---------- Dataset content
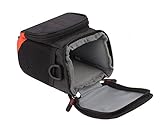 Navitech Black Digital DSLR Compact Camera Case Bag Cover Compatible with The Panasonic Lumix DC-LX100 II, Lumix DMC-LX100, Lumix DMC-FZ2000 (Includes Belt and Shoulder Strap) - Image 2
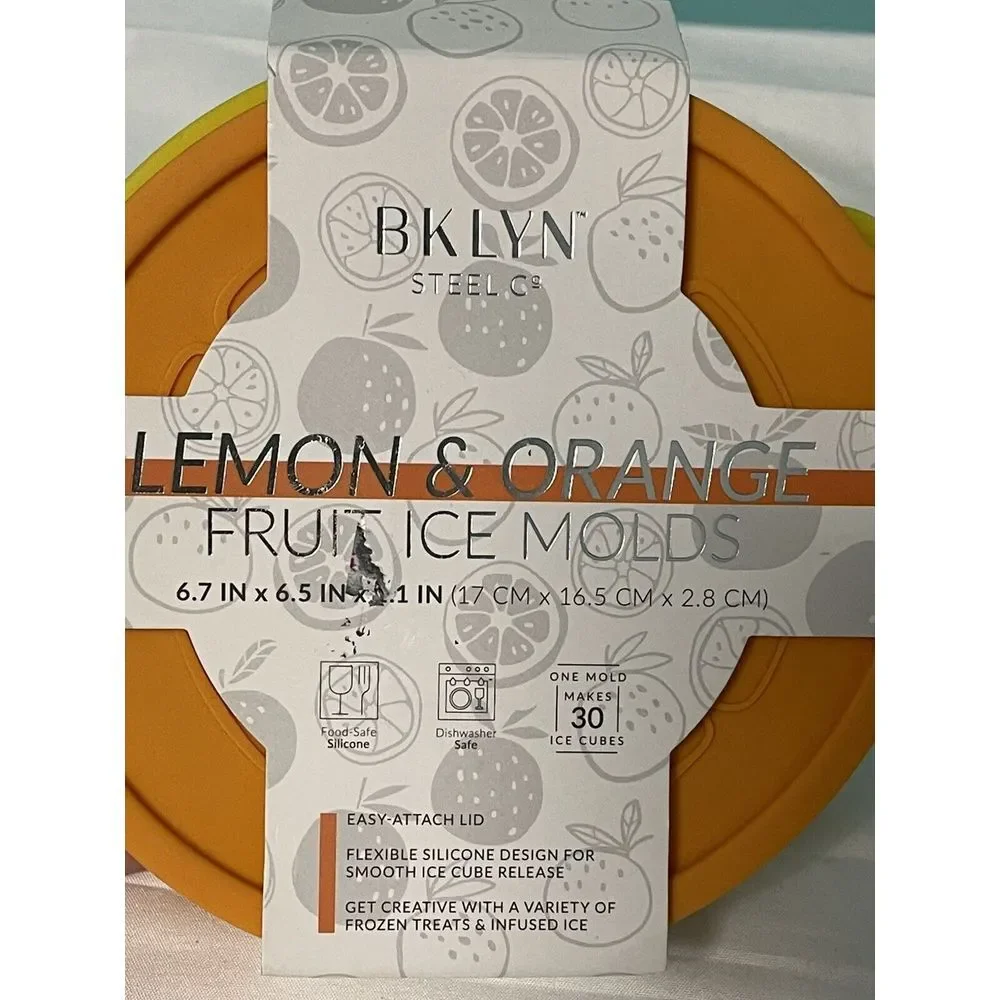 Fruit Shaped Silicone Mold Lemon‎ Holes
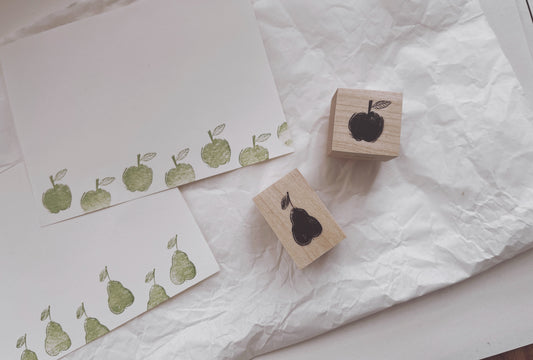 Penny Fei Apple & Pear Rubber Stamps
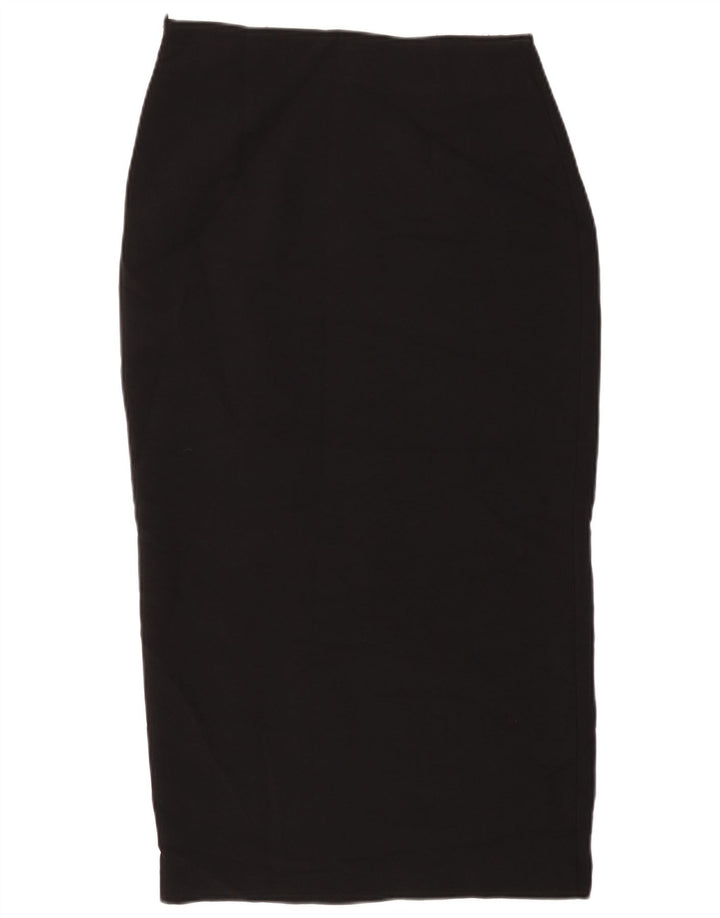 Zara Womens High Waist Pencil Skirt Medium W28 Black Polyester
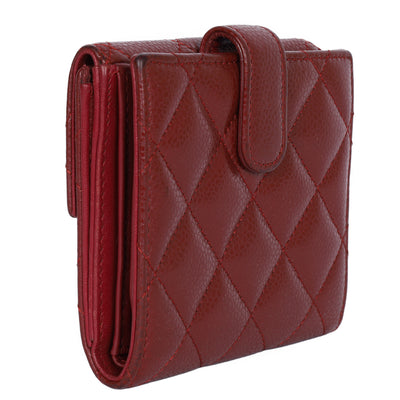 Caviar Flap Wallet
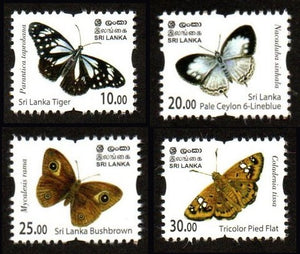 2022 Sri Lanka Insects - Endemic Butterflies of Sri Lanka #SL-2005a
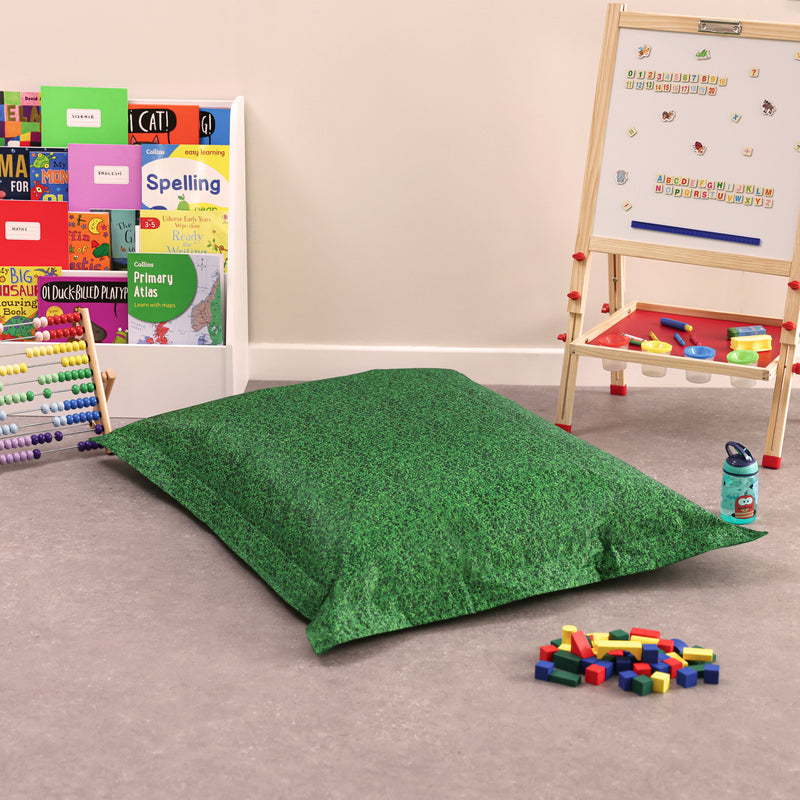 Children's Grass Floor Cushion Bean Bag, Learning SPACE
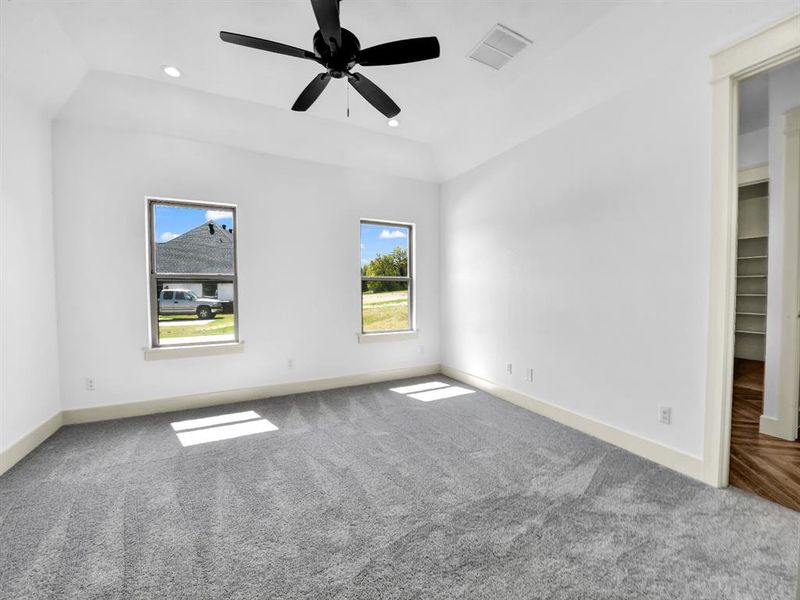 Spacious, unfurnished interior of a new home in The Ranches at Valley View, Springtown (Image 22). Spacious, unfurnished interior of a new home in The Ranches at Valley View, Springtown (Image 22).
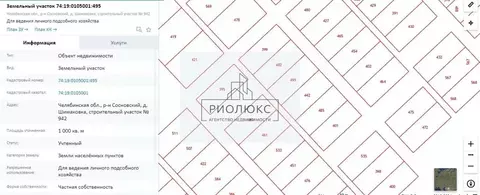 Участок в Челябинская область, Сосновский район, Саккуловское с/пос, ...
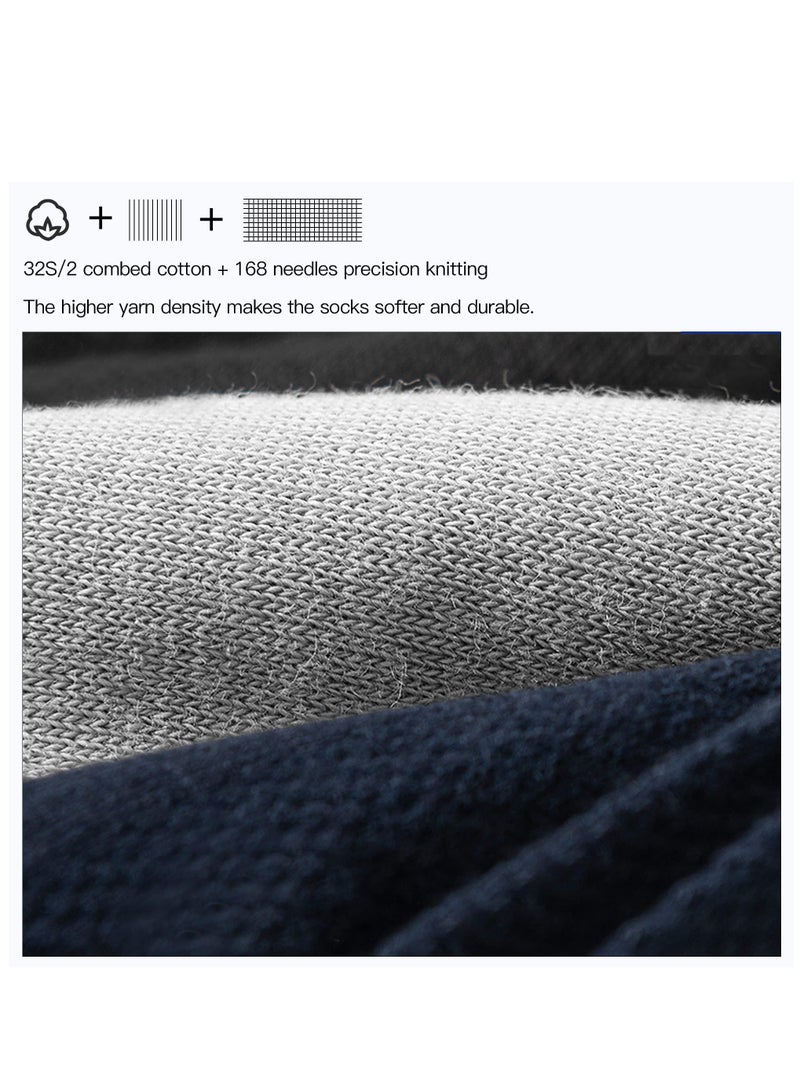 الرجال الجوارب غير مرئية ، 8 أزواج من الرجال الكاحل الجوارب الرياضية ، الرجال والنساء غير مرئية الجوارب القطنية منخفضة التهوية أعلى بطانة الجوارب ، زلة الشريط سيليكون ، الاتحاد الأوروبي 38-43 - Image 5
--------------------
## [Assignment]
The answer must be an exact copy of the lines from the one with "22). Spacious, unfurnished" through the final line above, both ends included, and nothing else; pictures stay out.

## [The answer]
 Spacious, unfurnished interior of a new home in The Ranches at Valley View, Springtown (Image 22). Spacious, unfurnished interior of a new home in The Ranches at Valley View, Springtown (Image 22).
 Участок в Челябинская область, Сосновский район, Саккуловское с/пос, ...
 الرجال الجوارب غير مرئية ، 8 أزواج من الرجال الكاحل الجوارب الرياضية ، الرجال والنساء غير مرئية الجوارب القطنية منخفضة التهوية أعلى بطانة الجوارب ، زلة الشريط سيليكون ، الاتحاد الأوروبي 38-43 - Image 5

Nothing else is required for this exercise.